Grab a pair of scissors. Start Cutting.
Scores of Matters is an archive of the spaces in between. It's an attempt at staying in those in-between spaces rather then trying to fill them. To occupy a space in which we can move and explore and remain in between...
the personal and the political
the subjective and the objective
the direct and the indirect
the partial and the complete
the serious and the frivolous
the primary and the secondary
Scores of Matters creates ways through rather than isolating groups. Scores of Matters opens partial perspectives, common and uncommon connections and multi-layered associations.
The archive invites you to wander through it. There are no fixed or self-evident paths. Every journey is different and you could end up in unexpected places. Moving through the archive is like a conversation or a chat: at some point you might wonder how you got there. All you need to navigate the archive is curiosity. It might not always reveal what you expect to find.
Scores of Matters is a collection of fragile histories and herstories, constantly risking failure, risking exposure. But what is behind the veil? We are not trying to hide anything, it is just that we decided to expose some things while others remain hidden, even though we know that everything you cannot see is also an integral and crucial part of what's visible.
We sit on the floor. There are objects lying all around us.
From teabag we move to tampon from tampon we jump to cotton and cotton looks like little clouds. Relations are quick, associative and multi-dimensional. Is it possible to preserve the flowing movement of thoughts? Relation instead of knowledge? Or does the knowledge lie within the relation?
Emphasizing relation instead of knowledge, the whole meaning of territory, authorship and possession becomes preposterous. The objects in our archive are products of daily use, trade and invention in a globalized world.
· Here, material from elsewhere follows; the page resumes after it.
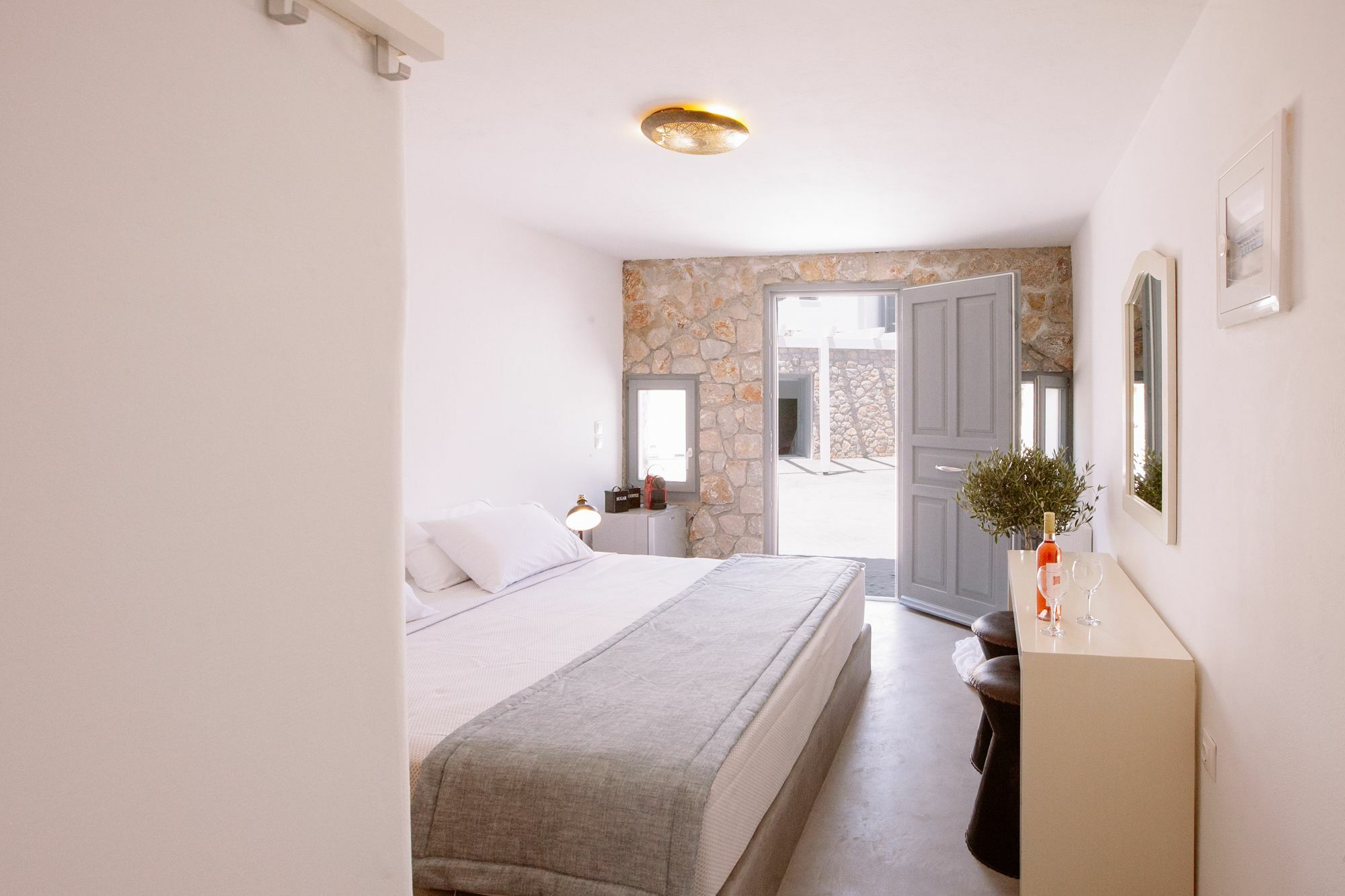 Adelante 88 Villas Akrotírion Zewnętrze zdjęcie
We think about the objects in relation. How long has this object existed for? In which territories is it actually used every day? In which is it not used? How do weather and landscape influence which kinds of tools we need? When it says 'Made in China' on the back, what does that mean? Where did the materials come from? Who designed it? Who decided to fabricate the object? When did the thought of fabrication become actual fabrication? Who invented the object? How many times was it invented by different people and who became known as the inventor? What does the physical being of the object tell us about the body who uses it? An object only exists in complex relation. It has multiple stories and multiple origins. An object has no home, nowhere to go back to. As an article of trade, it is a crucial part of capitalism and who owns what tells us something about the power relations. Everything has a price. Does the price tell us something about the object or only about the power of the trader? When we start to think about relation as knowledge, we can embrace complexity. Being in the world is a constant collaboration, becoming-with in multidimensional structures.
How does our perception of the world change when we start to understand the world as related rather than fixed? How do we feel then? What is lost? Can we get lost in relation? We let the shared dialogue be the score for our process. We don't generate the archive because it is generated by it's connections, the interlinks of which we can't control. Every visitor to the archive will generate a new pathway by wandering through it. Nobody decides what comes next. It is about the associations that appear at a certain moment and whether we decide to stick with them or let them go. The archive hides as much as it reveals. We, the visitors, don’t come closer to the centre because there is no centre. We are just looking at it from different angles.
We are telling crumpled stories. Just as with crumpled objects, some parts are exposed whilst other parts are hidden. We do not expect a crumpled object to be a flat surface. There is no fixed form, no stable architecture, just layers upon layers which we invite you to play with. To crumple, fold and cut. Crumpled stories move into the space, with a shape as yet undefined but multi-dimensional. Crumple a story and it will never be crumpled the same way again. We crumple our stories and throw them to our collaborators. Crumpled stories are able to fly like this, if only for a short moment.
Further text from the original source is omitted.